**WORK REQUIRED:** In the material below, find the span from the line with "FREIER FALL" to the line with "dagegen wäre dies die Gleichung eine" and transcribe only those lines, exactly, ends included, without the pictures.

**SOURCE INFORMATION:**
▬▬▬▬▬▬▬▬▬▬

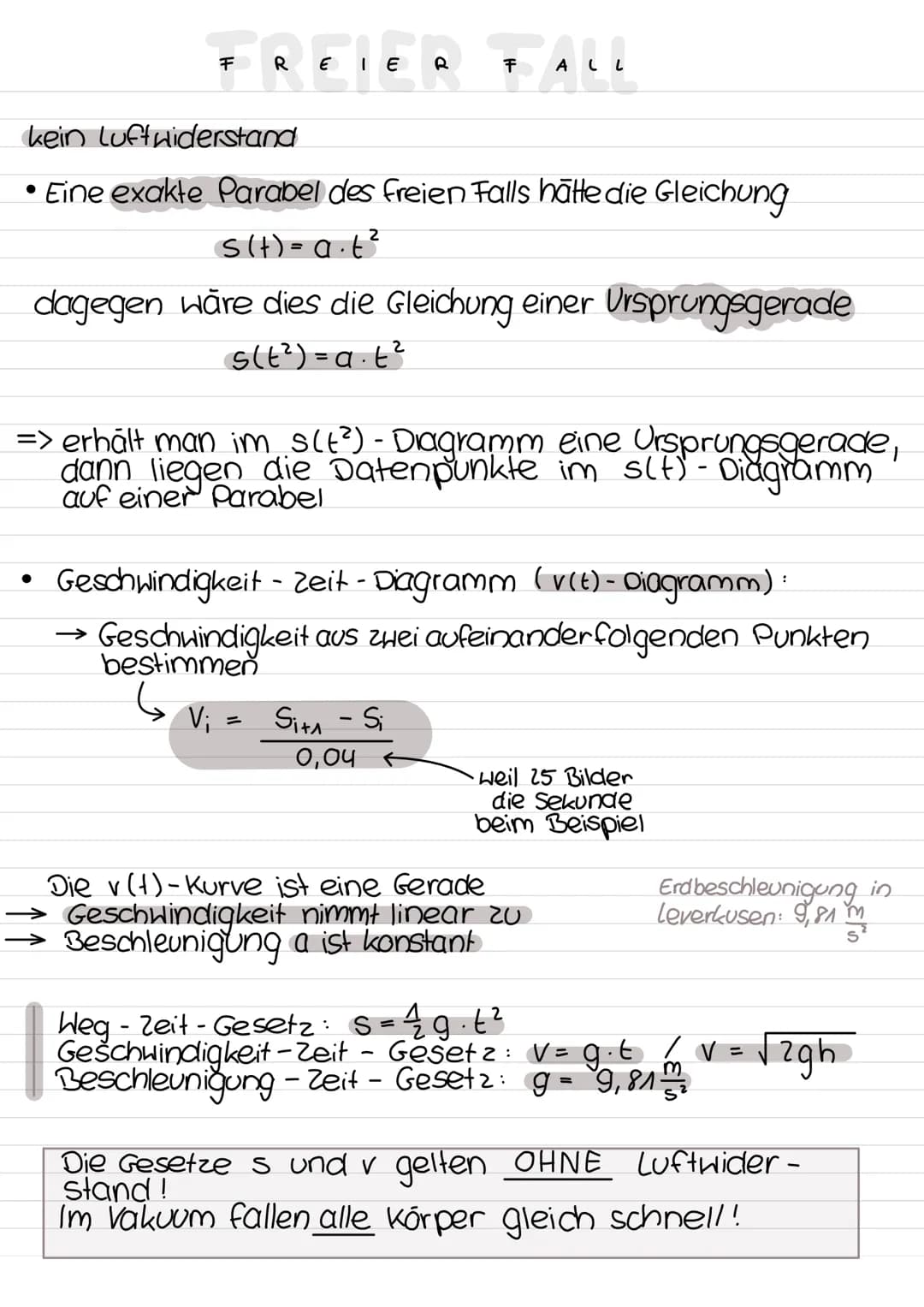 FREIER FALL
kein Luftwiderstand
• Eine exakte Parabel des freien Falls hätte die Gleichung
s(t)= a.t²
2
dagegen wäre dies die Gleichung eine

▬▬▬▬▬▬▬▬▬▬

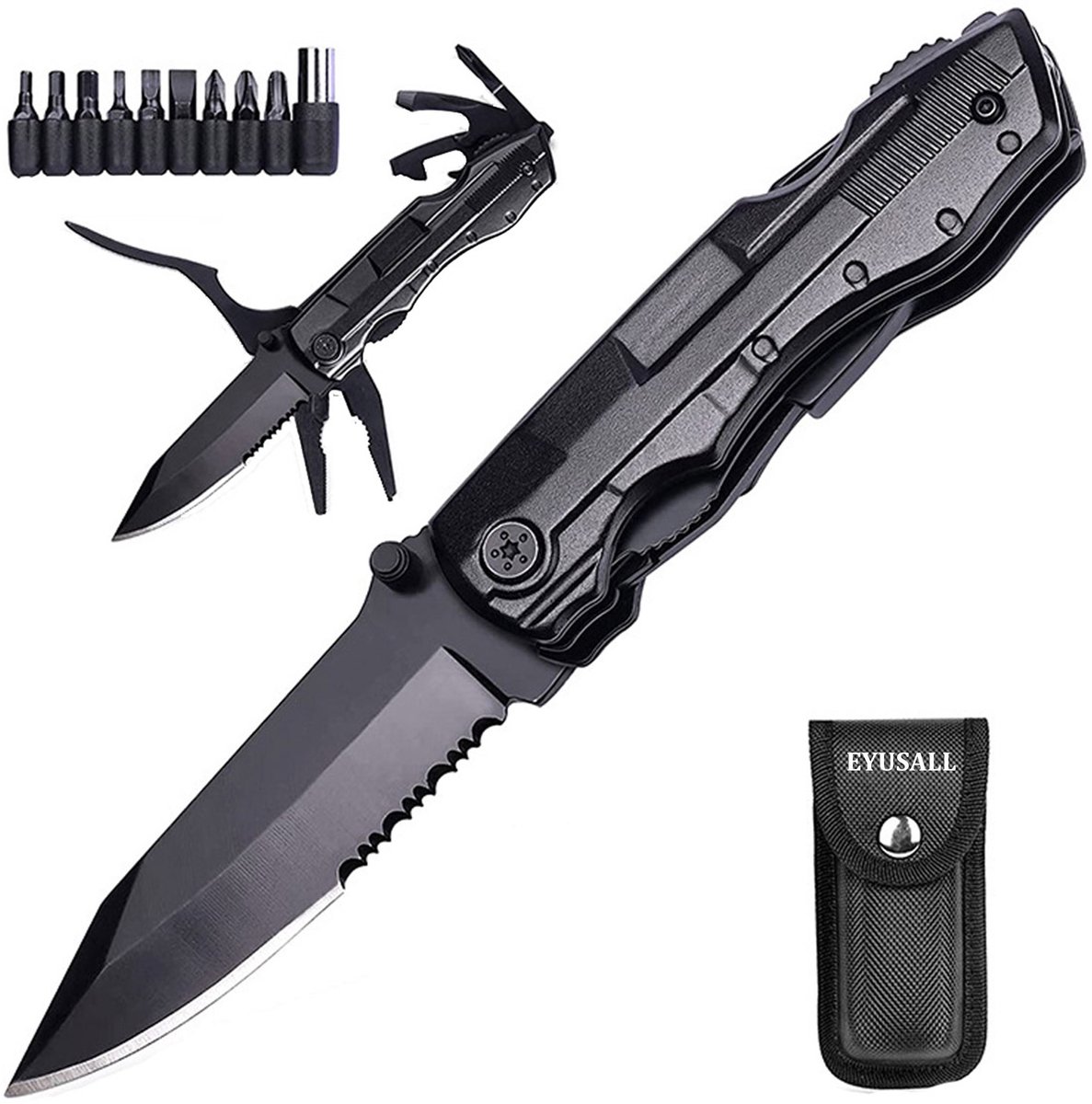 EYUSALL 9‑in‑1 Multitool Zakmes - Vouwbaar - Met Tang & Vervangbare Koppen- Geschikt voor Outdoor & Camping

▬▬▬▬▬▬▬▬▬▬

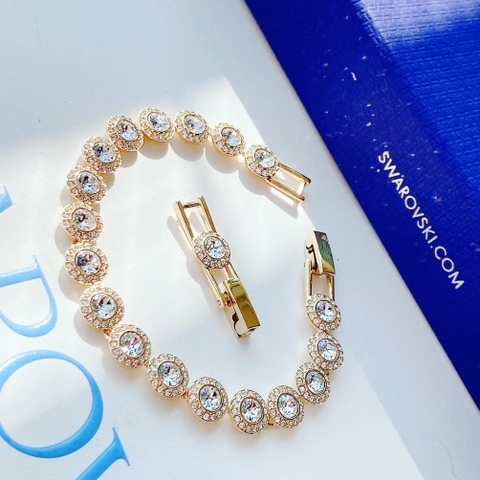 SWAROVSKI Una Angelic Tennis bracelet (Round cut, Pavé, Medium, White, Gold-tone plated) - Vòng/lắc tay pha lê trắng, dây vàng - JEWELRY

▬▬▬▬▬▬▬▬▬▬

**EXERCISE SOLUTION:**
 FREIER FALL
kein Luftwiderstand
• Eine exakte Parabel des freien Falls hätte die Gleichung
s(t)= a.t²
2
dagegen wäre dies die Gleichung eine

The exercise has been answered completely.